WORK REQUIRED -
Beginning with the line that contains "Coral velvet towel", reproduce the remaining lines of the material exactly, up to and including the last one, but no pictures.

----- TASK DATA

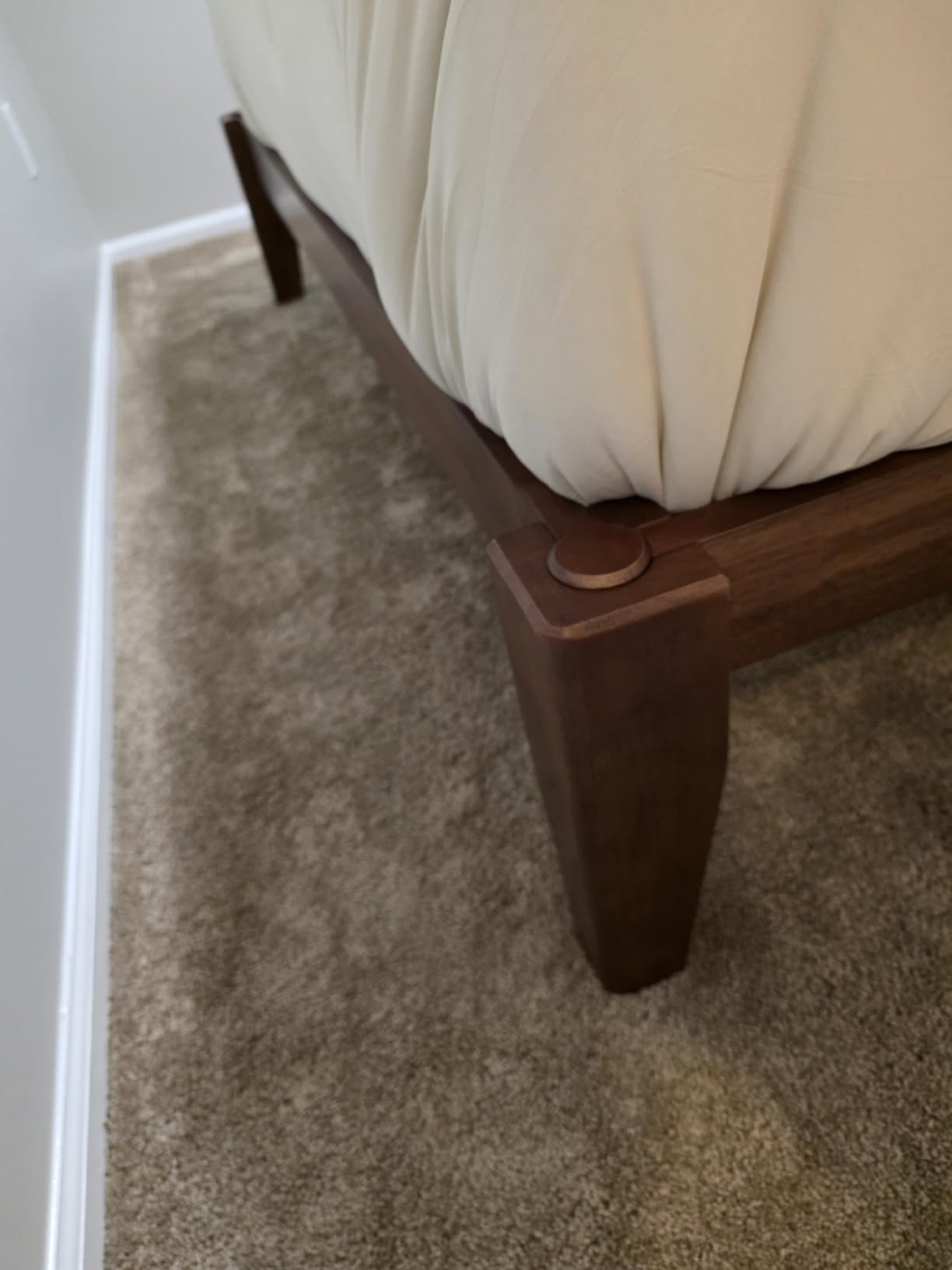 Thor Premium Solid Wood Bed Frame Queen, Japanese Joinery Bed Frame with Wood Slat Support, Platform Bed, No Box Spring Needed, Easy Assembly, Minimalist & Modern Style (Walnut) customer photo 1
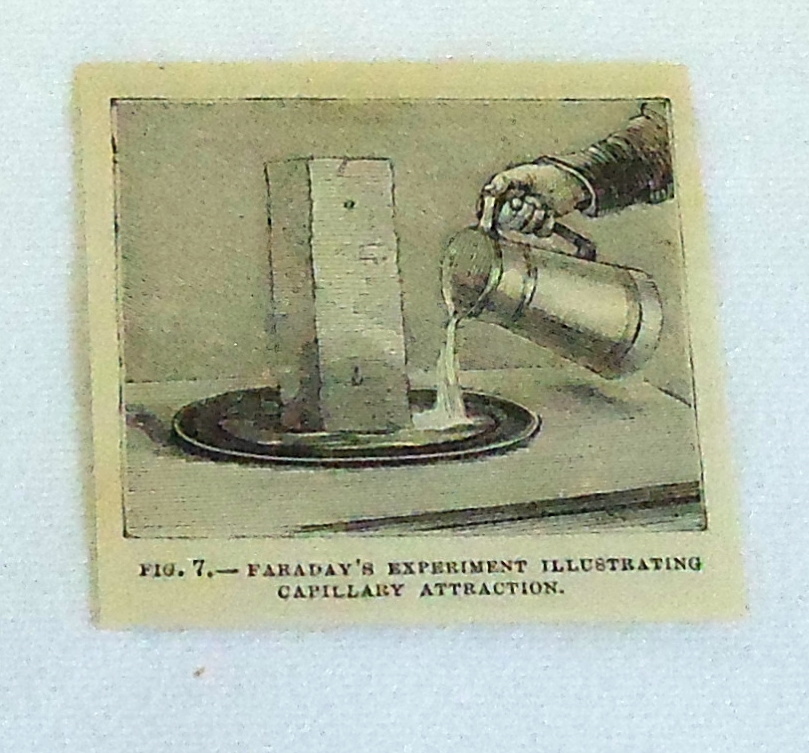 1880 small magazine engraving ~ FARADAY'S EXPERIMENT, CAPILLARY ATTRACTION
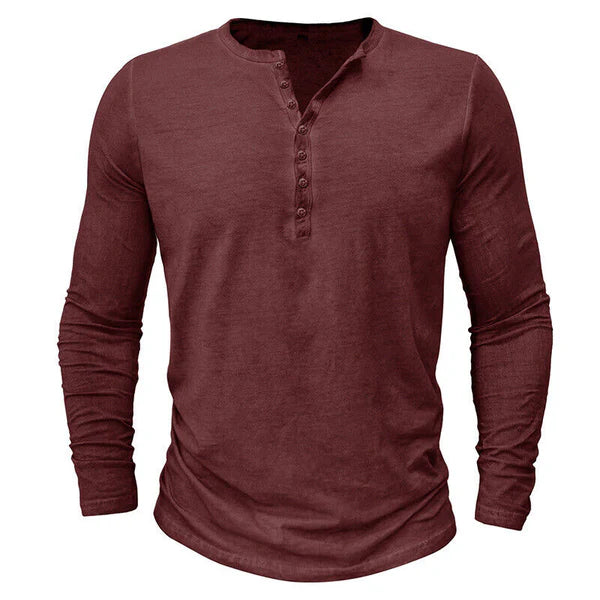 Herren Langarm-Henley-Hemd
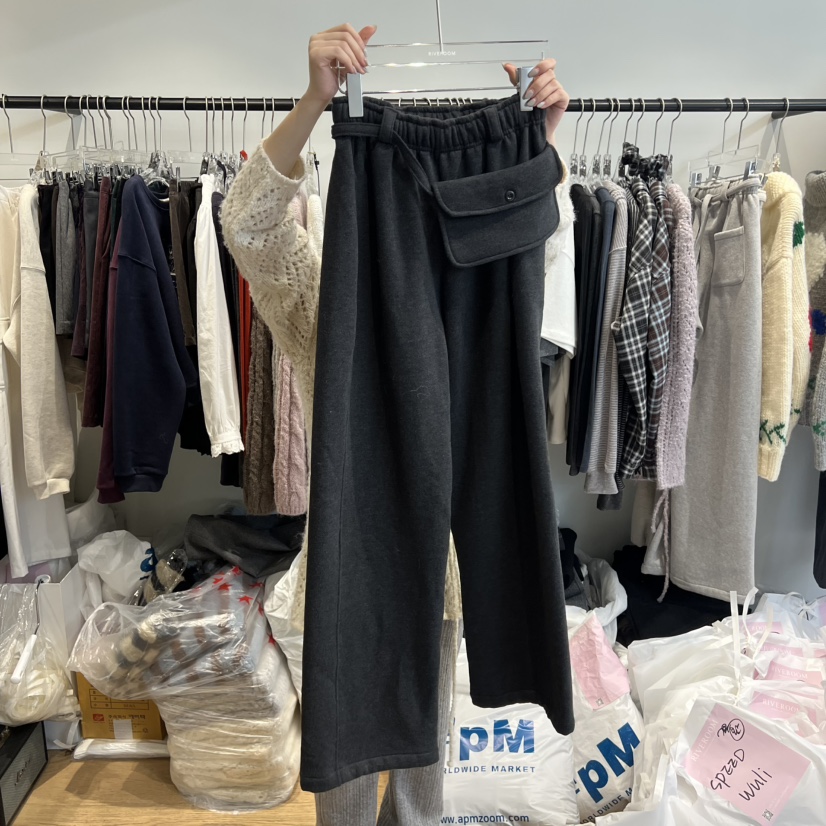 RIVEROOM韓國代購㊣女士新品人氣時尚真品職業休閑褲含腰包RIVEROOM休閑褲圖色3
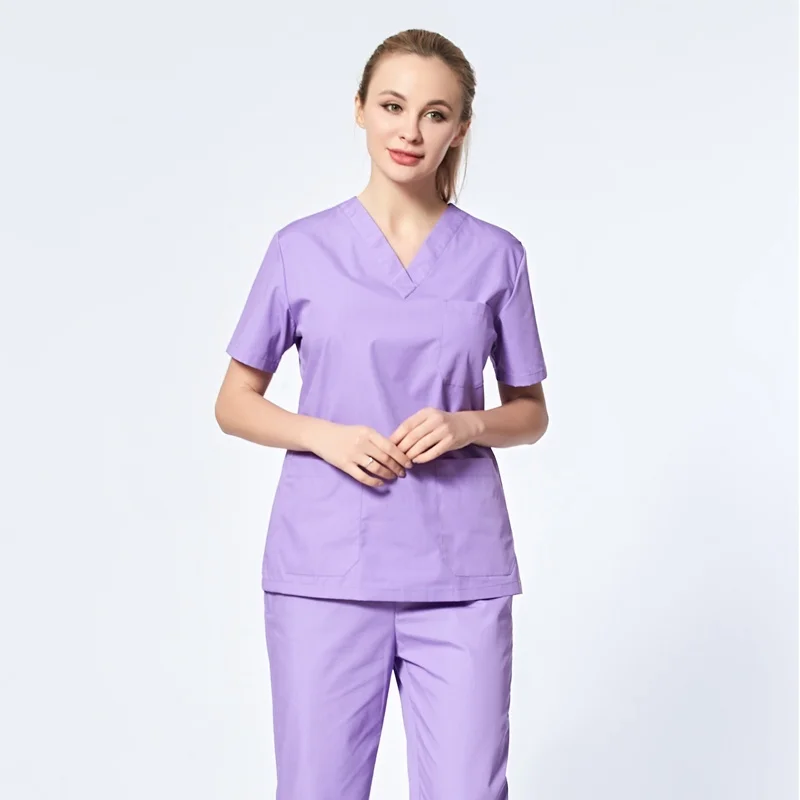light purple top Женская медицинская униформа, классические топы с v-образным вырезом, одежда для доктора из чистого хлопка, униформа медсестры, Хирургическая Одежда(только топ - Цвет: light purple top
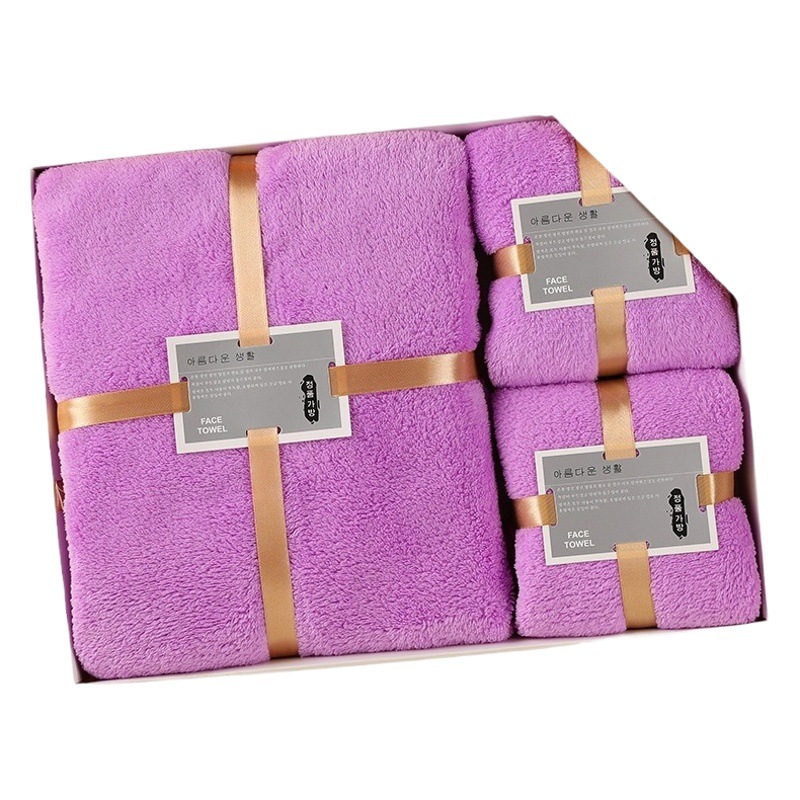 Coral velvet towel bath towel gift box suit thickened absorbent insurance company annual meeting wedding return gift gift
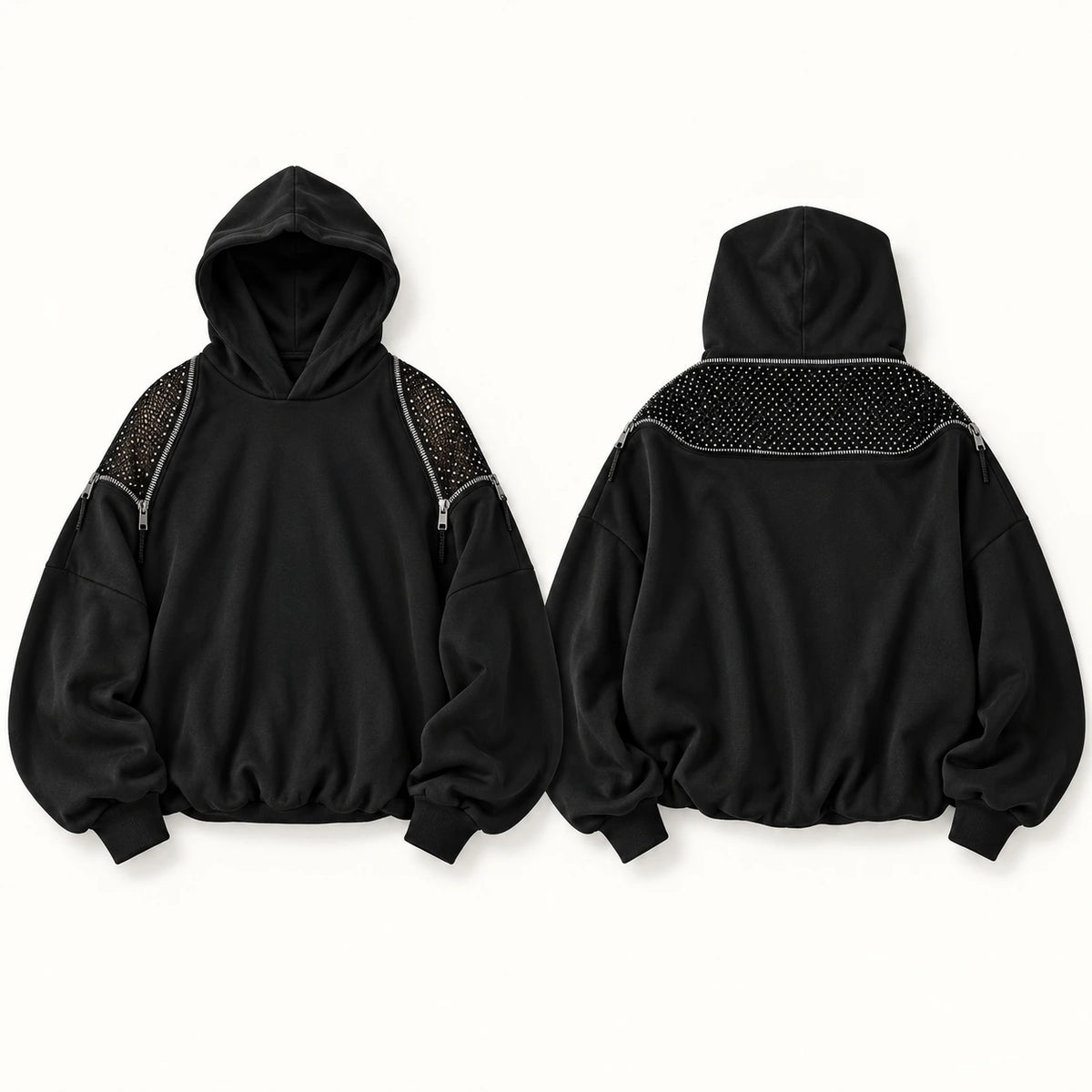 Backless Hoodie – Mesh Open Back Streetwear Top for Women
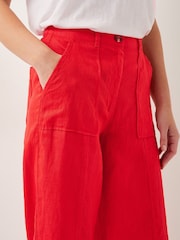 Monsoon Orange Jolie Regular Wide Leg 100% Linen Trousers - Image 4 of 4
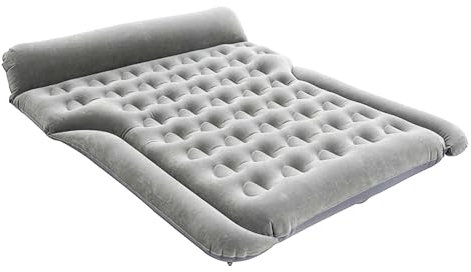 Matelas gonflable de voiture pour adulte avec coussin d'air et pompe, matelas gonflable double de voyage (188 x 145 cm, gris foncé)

----------

ANSWER TO THIS PROBLEM -
 Coral velvet towel bath towel gift box suit thickened absorbent insurance company annual meeting wedding return gift gift
 Backless Hoodie – Mesh Open Back Streetwear Top for Women
 Monsoon Orange Jolie Regular Wide Leg 100% Linen Trousers - Image 4 of 4
 Matelas gonflable de voiture pour adulte avec coussin d'air et pompe, matelas gonflable double de voyage (188 x 145 cm, gris foncé)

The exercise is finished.